TASK: Leave the pictures aside and copy all the data exactly.

GIVEN INFORMATION:
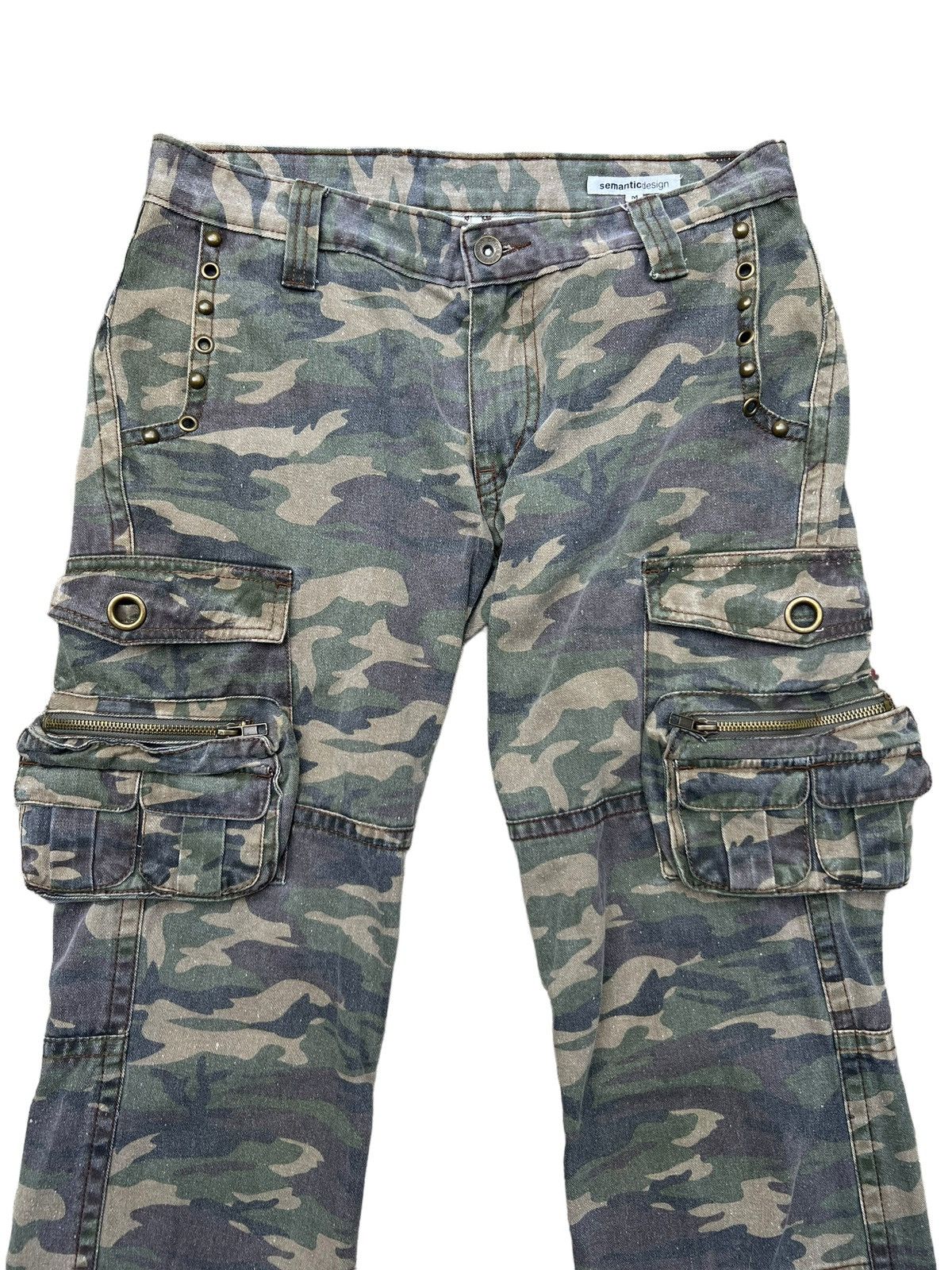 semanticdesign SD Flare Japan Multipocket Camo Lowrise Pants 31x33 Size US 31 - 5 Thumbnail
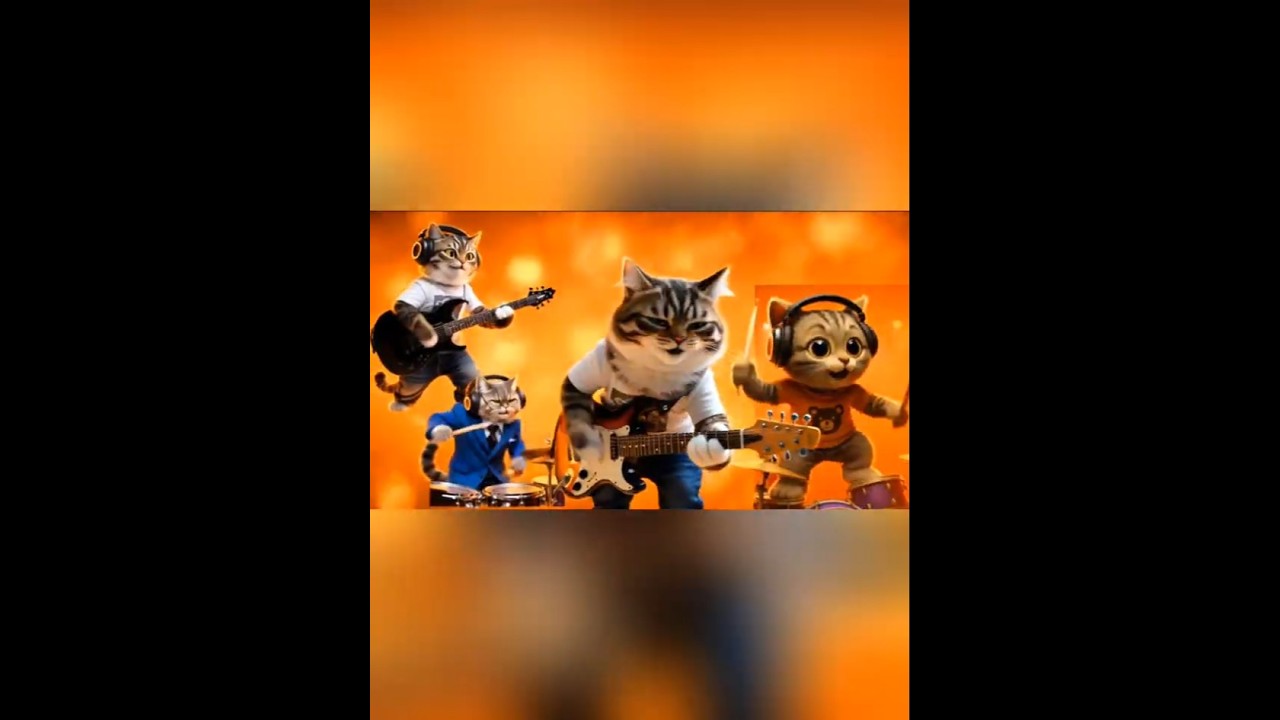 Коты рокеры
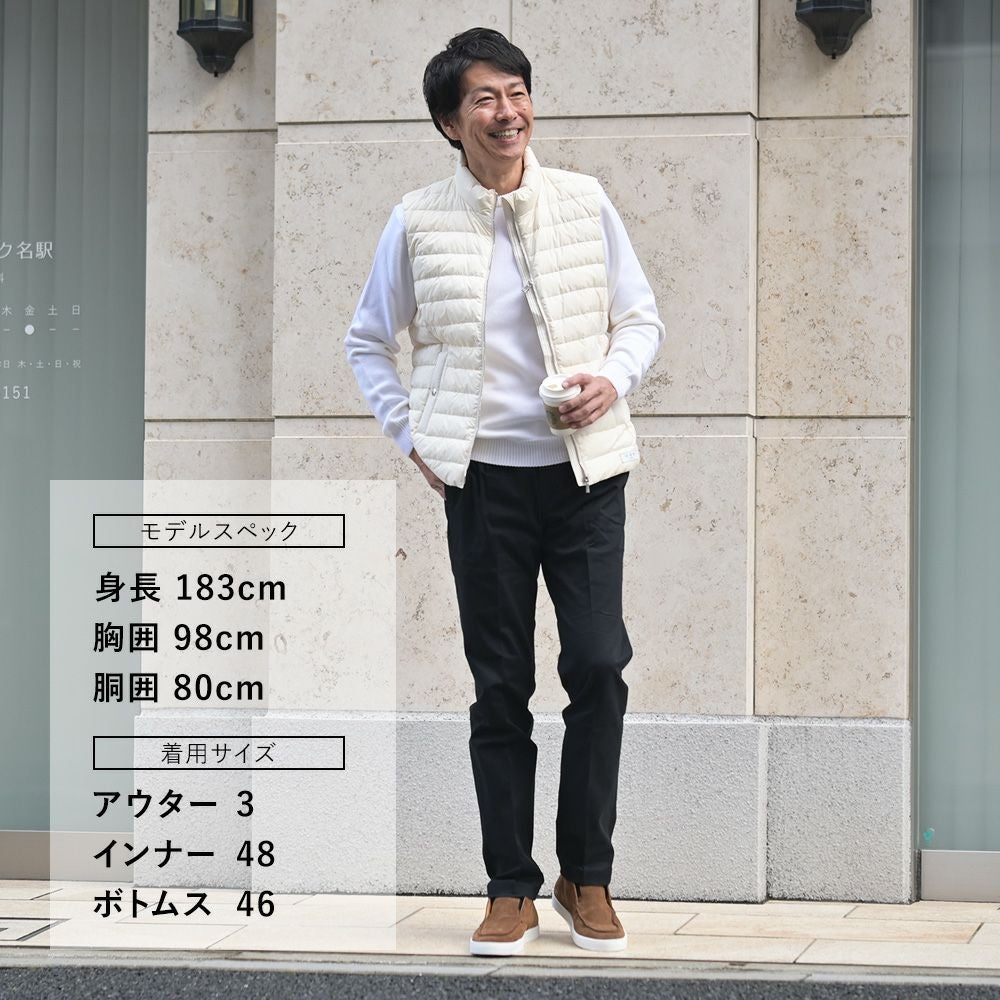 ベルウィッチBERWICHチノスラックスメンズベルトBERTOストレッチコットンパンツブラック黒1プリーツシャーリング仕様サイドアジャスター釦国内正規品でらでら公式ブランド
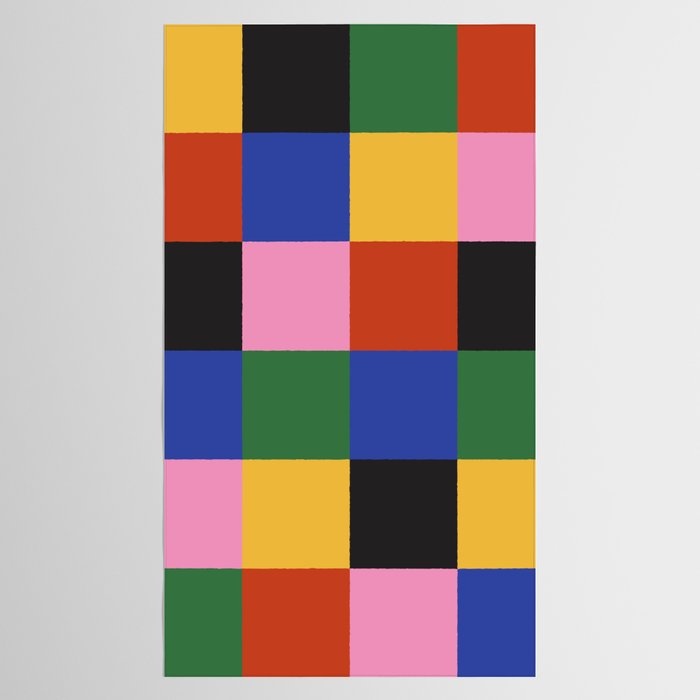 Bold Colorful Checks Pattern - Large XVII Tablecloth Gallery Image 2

ANSWER AREA:
 semanticdesign SD Flare Japan Multipocket Camo Lowrise Pants 31x33 Size US 31 - 5 Thumbnail
 Коты рокеры
 ベルウィッチBERWICHチノスラックスメンズベルトBERTOストレッチコットンパンツブラック黒1プリーツシャーリング仕様サイドアジャスター釦国内正規品でらでら公式ブランド
 Bold Colorful Checks Pattern - Large XVII Tablecloth Gallery Image 2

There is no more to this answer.